The Kind of Justice Which Only a Brother Can Give
Jean Rhodes’ award-winning book Older and Wiser: New Ideas for Youth Mentoring in the 21st Century, now out in paperback, surveys the state of youth mentoring and offers effective paths forward for the field today. In the following excerpt, Rhodes recounts the touching story behind the foundation of the first American youth mentoring program, Big Brothers Big Sisters.
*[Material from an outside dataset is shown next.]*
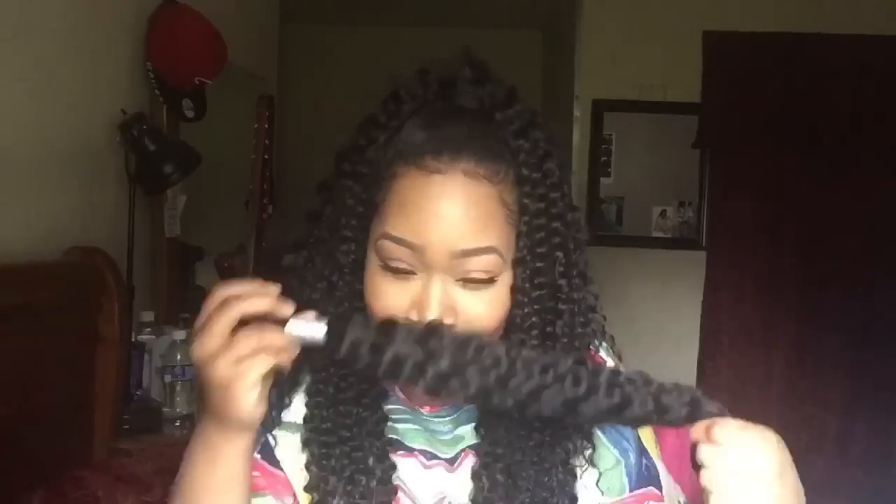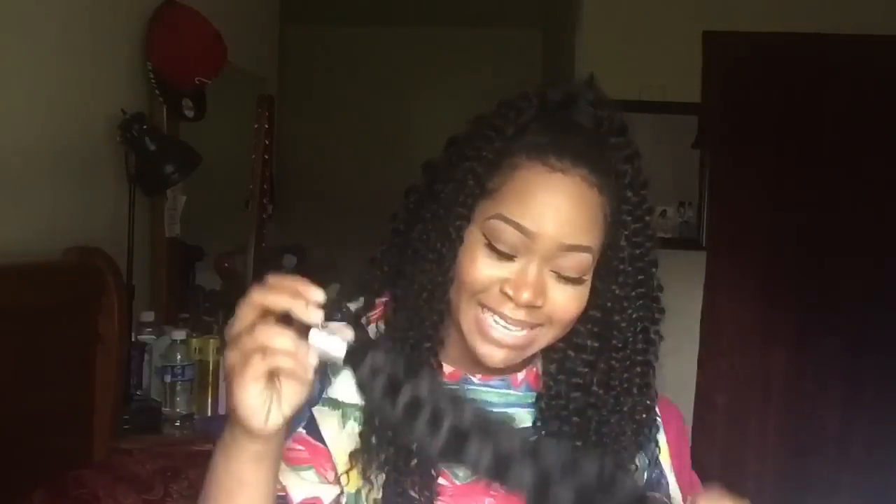This is the second time I got hair from Ali Moda and the hair smells like smoke. The hair smells like smoke. I'm going to have to wash the bundles. Come on, Ali Moda. The hair is so beautiful, but I am not going to put hair in my head that smells like smoke.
On the morning of July 4, 1903, a random act of kindness by a twenty-two-year-old whiskey salesman launched the first American youth mentoring movement. “It was the Fourth of July,” recalled Irv Westheimer decades later, “and I was down at my office between Third and Fourth on Walnut in Cincinnati.” Young Irv was pacing his office, absentmindedly looking out a back window facing an alley, when he noticed a boy reach into a container of garbage, pull out a piece of bread, and then break off a piece to give to his dog, which, Irv recalled, “was an erstwhile white dog, and it seemed to me this wasn’t exactly an ideal way for a young man to be eating.” Irv closed his rolltop desk, put on his hat, and walked out of his building toward the alley. “The boy was trembling with fear that I was going to beat him or do him some harm because that’s all he knew.” Irv talked quietly and gently to the boy: “Don’t be frightened, I’m your friend. My name’s Irv, what’s your name?” “Tom,” the boy responded. Hoping to put the boy at ease, Irv asked Tom the name of his dog. “That really had an effect on him, that I was interested enough to ask what his dog’s name was, and he thought, well, after all, maybe I wasn’t too bad. So I walked over to him gradually so as not to frighten him too much and I said, ‘I’m going to have something to eat, and why don’t you come along?’ He didn’t answer me, but I put my arm around his shoulders and we went over to Foucar’s [Café]. In this days, you could get a glass of beer for a nickel, and you could get a big glass of bear for a dime, and a free corned beef sandwich.”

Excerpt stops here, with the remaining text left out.